> [Exercise inputs]:
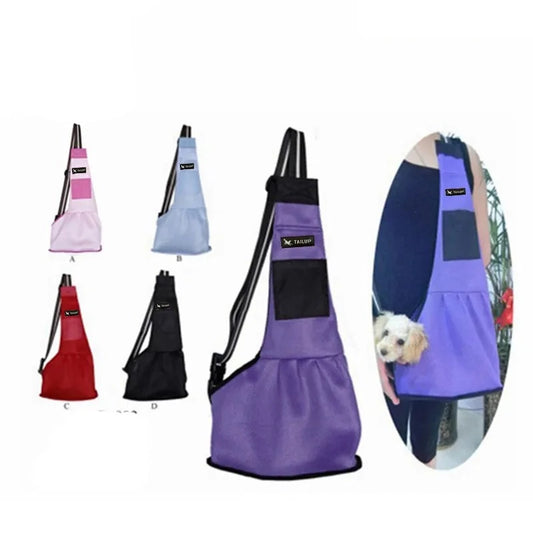 TAILUP Pet Carrier: Premium Mesh Sling Bag for Your Puppy, Chihuahua, Yorkies, and Small Cats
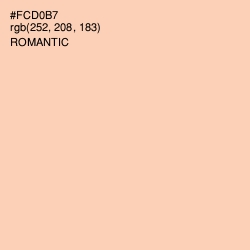 #FCD0B7 - Romantic Color Image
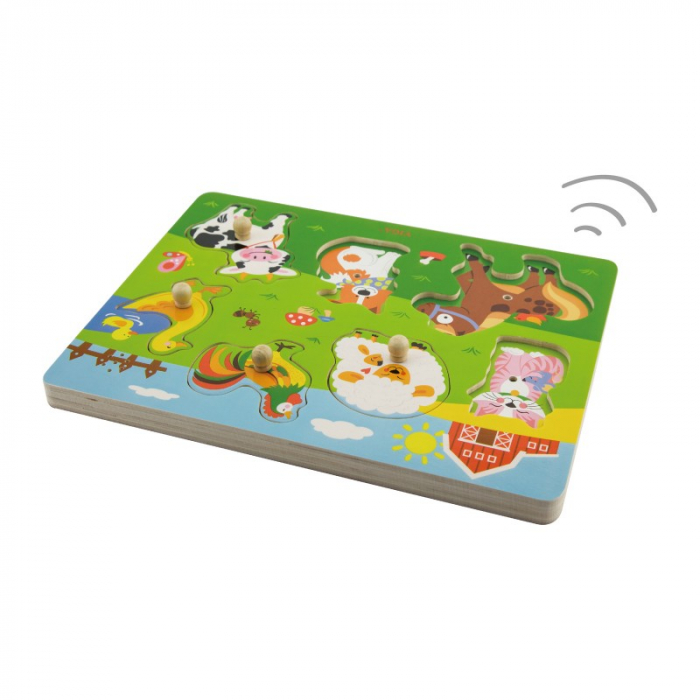 Puzzle cu sunete - animale [3]
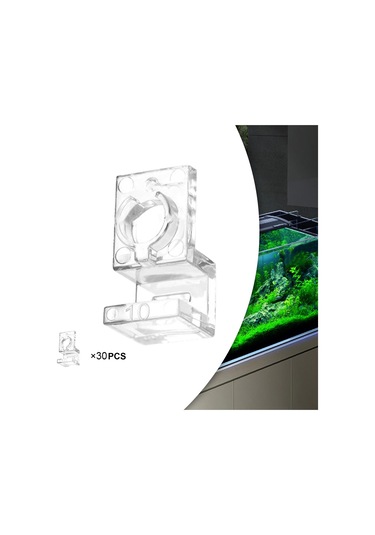 Suntek 30 Parça Balık Tankı Cam Kapak Klipleri Kapağı 10-mm-için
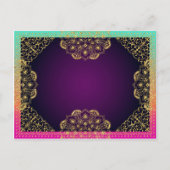 Bollywood Arabian Nights Save the Date Aankondigingskaart (Achterkant)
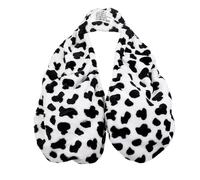 Hands-Free Shower Towel Bra for Women - Adjustable, Quick-Dry Coral Fleece, Double-Side Hanging Neck Design Cow XL
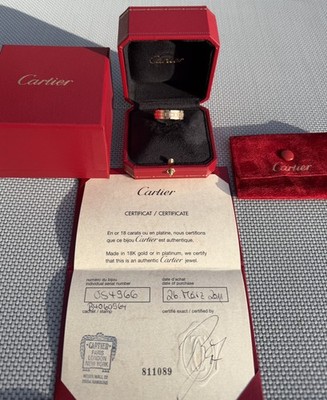 Cartier Tank Française Ring   18K Roségold   Größe 64   mit Zertifikat & Box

> [Problem to solve]: An exact copy is needed of the lines running from the one containing "Hands-Free Shower Towel" through the last line of the material, and of no others; pictures stay out.

> [Solved exercise]:
 Hands-Free Shower Towel Bra for Women - Adjustable, Quick-Dry Coral Fleece, Double-Side Hanging Neck Design Cow XL
 Cartier Tank Française Ring   18K Roségold   Größe 64   mit Zertifikat & Box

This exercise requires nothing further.